Data:
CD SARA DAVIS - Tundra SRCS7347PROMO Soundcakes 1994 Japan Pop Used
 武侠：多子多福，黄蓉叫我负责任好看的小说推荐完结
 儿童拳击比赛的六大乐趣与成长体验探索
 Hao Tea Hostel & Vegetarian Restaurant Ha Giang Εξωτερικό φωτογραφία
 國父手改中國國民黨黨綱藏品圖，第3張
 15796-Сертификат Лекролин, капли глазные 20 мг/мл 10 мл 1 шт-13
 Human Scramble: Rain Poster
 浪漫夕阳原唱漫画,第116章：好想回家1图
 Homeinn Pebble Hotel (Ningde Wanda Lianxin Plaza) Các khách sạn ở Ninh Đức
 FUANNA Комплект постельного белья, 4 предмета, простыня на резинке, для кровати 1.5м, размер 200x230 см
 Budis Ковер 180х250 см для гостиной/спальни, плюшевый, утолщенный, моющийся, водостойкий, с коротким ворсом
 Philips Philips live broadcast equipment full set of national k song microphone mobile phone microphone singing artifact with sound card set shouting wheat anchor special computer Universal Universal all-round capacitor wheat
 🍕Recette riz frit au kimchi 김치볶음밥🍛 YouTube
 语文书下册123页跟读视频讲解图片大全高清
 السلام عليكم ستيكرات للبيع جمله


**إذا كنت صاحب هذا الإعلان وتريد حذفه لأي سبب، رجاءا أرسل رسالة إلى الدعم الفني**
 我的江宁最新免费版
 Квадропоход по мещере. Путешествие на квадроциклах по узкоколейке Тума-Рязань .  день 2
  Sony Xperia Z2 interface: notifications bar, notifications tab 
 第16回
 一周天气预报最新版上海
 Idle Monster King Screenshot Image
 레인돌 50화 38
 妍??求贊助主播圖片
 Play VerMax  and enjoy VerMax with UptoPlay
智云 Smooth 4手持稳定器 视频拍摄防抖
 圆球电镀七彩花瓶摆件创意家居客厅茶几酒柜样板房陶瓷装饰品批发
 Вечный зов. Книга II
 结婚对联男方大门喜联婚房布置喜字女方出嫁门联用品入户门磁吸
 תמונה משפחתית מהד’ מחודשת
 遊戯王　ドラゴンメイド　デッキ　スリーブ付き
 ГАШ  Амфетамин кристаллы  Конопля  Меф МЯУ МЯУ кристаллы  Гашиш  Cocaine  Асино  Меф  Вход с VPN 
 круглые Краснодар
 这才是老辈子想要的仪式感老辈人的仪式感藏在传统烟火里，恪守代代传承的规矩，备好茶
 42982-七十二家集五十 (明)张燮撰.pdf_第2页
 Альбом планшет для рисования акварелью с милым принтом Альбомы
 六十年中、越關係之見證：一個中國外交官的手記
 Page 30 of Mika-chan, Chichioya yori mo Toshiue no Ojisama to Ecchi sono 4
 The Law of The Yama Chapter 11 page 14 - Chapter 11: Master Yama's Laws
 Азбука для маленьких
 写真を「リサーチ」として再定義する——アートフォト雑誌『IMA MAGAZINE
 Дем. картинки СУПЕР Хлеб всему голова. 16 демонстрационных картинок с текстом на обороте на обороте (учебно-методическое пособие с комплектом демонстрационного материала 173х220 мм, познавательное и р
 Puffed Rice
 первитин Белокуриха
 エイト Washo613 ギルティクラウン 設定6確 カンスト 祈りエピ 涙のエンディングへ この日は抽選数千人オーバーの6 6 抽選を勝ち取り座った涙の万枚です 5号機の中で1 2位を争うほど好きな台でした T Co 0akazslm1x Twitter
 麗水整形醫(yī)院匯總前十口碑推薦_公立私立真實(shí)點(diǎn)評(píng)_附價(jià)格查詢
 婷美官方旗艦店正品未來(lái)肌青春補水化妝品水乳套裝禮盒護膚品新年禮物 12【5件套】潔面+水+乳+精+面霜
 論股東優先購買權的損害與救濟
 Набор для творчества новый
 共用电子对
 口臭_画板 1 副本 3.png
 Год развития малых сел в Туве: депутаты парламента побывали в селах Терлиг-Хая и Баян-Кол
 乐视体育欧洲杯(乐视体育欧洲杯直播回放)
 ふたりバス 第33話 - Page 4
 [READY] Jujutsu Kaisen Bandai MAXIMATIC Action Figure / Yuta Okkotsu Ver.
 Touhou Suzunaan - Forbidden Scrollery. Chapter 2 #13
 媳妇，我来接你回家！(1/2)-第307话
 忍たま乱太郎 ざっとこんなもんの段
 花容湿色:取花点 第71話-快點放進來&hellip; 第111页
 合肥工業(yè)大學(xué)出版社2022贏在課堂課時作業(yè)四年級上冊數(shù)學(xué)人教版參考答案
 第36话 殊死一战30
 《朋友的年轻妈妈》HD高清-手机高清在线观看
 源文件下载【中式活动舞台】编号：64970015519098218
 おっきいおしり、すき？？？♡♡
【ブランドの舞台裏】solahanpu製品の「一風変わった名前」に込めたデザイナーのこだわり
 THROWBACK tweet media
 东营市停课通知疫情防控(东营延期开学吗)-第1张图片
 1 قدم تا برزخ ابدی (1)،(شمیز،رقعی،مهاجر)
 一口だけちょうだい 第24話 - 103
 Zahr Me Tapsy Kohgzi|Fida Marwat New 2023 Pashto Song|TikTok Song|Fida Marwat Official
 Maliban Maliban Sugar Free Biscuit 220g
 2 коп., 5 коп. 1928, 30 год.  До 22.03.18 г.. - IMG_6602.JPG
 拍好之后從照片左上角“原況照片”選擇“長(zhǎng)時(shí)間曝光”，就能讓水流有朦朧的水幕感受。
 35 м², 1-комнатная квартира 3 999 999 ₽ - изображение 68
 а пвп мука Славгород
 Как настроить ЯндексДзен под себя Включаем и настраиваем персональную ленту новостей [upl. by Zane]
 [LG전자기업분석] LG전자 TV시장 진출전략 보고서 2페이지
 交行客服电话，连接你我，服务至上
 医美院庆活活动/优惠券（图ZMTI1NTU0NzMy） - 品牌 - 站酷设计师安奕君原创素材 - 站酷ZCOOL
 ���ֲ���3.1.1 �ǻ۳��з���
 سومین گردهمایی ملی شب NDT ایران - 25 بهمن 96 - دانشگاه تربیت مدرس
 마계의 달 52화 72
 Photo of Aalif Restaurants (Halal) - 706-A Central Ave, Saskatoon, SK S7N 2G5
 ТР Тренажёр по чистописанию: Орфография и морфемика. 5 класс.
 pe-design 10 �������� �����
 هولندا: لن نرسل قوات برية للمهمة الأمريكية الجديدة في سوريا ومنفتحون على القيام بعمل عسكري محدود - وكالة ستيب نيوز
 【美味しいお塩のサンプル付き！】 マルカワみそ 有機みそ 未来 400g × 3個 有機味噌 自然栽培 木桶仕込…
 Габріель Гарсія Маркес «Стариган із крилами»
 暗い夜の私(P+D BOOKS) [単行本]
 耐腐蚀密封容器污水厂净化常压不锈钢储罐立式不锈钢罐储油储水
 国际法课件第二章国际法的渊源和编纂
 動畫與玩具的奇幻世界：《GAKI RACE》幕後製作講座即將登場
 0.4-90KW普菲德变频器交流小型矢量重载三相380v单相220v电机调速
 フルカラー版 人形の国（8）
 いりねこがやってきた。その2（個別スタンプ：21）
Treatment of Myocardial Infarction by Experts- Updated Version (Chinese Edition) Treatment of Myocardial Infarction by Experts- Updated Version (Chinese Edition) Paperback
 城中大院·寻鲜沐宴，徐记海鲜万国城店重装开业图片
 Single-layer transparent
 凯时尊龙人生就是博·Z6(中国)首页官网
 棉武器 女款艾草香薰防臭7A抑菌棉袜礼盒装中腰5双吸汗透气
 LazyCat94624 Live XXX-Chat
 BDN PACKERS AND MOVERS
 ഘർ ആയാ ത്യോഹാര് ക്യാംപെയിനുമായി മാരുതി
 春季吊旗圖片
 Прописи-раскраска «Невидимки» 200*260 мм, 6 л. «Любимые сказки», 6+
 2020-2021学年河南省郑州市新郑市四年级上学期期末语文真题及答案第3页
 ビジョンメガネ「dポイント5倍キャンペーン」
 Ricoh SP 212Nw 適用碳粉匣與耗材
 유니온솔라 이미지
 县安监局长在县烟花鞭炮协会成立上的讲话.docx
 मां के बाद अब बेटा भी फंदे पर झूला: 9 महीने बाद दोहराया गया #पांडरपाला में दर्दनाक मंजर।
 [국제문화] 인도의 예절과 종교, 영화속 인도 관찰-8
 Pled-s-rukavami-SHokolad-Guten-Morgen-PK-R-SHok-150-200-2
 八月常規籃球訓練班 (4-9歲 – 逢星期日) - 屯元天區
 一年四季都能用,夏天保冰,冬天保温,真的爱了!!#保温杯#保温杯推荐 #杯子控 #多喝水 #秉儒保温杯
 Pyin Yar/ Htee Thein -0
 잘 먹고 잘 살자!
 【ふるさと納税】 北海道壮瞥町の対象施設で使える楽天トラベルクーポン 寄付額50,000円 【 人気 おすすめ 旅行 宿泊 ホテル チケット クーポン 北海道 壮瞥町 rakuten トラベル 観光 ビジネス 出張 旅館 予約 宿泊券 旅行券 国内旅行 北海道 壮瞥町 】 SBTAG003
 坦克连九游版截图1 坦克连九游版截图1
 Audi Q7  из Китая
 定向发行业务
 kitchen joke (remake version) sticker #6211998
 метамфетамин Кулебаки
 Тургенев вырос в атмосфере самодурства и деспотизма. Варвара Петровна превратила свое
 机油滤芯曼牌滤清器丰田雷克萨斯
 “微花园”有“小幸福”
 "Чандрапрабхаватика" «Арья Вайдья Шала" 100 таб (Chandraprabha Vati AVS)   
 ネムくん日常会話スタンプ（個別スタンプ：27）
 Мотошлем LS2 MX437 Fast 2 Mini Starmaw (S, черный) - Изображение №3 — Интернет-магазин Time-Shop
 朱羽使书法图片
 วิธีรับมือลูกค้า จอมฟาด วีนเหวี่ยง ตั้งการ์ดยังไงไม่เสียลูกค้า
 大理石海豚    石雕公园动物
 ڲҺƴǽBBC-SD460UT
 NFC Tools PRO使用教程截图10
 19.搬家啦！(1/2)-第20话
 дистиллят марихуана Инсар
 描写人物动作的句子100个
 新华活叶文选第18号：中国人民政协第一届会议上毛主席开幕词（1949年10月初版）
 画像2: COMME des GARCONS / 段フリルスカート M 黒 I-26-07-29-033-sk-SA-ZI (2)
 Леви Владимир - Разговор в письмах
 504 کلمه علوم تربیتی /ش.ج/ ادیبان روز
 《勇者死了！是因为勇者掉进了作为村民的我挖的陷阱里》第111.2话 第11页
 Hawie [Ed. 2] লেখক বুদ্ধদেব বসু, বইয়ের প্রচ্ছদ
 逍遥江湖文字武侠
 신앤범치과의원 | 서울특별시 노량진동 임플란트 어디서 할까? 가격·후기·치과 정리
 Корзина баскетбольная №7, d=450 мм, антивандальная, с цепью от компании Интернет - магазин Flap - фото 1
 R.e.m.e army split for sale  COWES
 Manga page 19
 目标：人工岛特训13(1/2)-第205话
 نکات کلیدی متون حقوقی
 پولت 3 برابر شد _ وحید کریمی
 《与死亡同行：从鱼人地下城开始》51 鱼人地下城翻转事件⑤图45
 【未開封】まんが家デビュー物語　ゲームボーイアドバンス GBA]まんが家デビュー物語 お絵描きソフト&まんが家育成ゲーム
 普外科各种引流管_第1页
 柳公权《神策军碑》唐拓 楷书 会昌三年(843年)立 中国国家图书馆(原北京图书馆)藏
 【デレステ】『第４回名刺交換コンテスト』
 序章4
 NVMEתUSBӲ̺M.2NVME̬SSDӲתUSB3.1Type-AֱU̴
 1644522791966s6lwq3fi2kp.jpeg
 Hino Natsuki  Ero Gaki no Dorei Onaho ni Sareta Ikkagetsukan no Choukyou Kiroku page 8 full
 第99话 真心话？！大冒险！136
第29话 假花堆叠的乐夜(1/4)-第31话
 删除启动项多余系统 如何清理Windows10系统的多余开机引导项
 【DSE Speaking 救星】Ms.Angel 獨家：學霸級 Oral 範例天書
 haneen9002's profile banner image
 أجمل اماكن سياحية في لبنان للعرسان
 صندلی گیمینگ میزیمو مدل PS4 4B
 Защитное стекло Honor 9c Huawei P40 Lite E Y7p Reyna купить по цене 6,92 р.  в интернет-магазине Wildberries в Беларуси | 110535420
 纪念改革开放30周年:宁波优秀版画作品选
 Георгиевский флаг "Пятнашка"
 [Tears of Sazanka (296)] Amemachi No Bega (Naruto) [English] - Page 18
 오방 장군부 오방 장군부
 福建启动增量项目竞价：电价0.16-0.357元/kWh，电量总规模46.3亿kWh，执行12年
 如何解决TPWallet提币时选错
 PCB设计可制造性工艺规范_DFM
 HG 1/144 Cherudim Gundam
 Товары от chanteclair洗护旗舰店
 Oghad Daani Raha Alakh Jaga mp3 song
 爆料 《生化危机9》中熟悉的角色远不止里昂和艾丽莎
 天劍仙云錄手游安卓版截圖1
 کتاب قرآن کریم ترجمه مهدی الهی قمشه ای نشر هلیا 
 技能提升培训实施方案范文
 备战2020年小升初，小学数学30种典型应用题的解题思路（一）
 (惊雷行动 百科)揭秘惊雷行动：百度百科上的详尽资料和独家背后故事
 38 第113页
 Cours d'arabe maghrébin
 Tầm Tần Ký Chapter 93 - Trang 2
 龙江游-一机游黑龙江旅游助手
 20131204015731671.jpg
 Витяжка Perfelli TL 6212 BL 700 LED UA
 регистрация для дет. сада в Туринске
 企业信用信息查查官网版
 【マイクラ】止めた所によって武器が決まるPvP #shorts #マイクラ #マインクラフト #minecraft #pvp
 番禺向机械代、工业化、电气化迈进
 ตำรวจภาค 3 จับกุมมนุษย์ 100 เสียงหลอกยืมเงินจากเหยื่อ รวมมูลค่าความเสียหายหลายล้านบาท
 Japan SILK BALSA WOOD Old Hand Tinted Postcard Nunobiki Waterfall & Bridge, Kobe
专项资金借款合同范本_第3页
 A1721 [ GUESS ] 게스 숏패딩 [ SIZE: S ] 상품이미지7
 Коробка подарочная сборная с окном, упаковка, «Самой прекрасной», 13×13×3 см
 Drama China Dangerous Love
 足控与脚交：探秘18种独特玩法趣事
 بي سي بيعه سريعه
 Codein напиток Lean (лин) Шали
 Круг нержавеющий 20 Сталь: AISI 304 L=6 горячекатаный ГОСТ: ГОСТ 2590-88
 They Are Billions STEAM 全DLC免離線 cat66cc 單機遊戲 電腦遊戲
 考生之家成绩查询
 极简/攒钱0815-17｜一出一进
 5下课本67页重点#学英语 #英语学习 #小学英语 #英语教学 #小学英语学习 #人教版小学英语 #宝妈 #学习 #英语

Problem to solve: Starting at the line above that holds "フルカラー版 人形の国（8）" and ending at the line that holds "[국제문화] 인도의 예절과 종교, 영화속 인도 관찰-8", transcribe each line exactly and include no other lines.

Exercise response:
 フルカラー版 人形の国（8）
 いりねこがやってきた。その2（個別スタンプ：21）
Treatment of Myocardial Infarction by Experts- Updated Version (Chinese Edition) Treatment of Myocardial Infarction by Experts- Updated Version (Chinese Edition) Paperback
 城中大院·寻鲜沐宴，徐记海鲜万国城店重装开业图片
 Single-layer transparent
 凯时尊龙人生就是博·Z6(中国)首页官网
 棉武器 女款艾草香薰防臭7A抑菌棉袜礼盒装中腰5双吸汗透气
 LazyCat94624 Live XXX-Chat
 BDN PACKERS AND MOVERS
 ഘർ ആയാ ത്യോഹാര് ക്യാംപെയിനുമായി മാരുതി
 春季吊旗圖片
 Прописи-раскраска «Невидимки» 200*260 мм, 6 л. «Любимые сказки», 6+
 2020-2021学年河南省郑州市新郑市四年级上学期期末语文真题及答案第3页
 ビジョンメガネ「dポイント5倍キャンペーン」
 Ricoh SP 212Nw 適用碳粉匣與耗材
 유니온솔라 이미지
 县安监局长在县烟花鞭炮协会成立上的讲话.docx
 मां के बाद अब बेटा भी फंदे पर झूला: 9 महीने बाद दोहराया गया #पांडरपाला में दर्दनाक मंजर।
 [국제문화] 인도의 예절과 종교, 영화속 인도 관찰-8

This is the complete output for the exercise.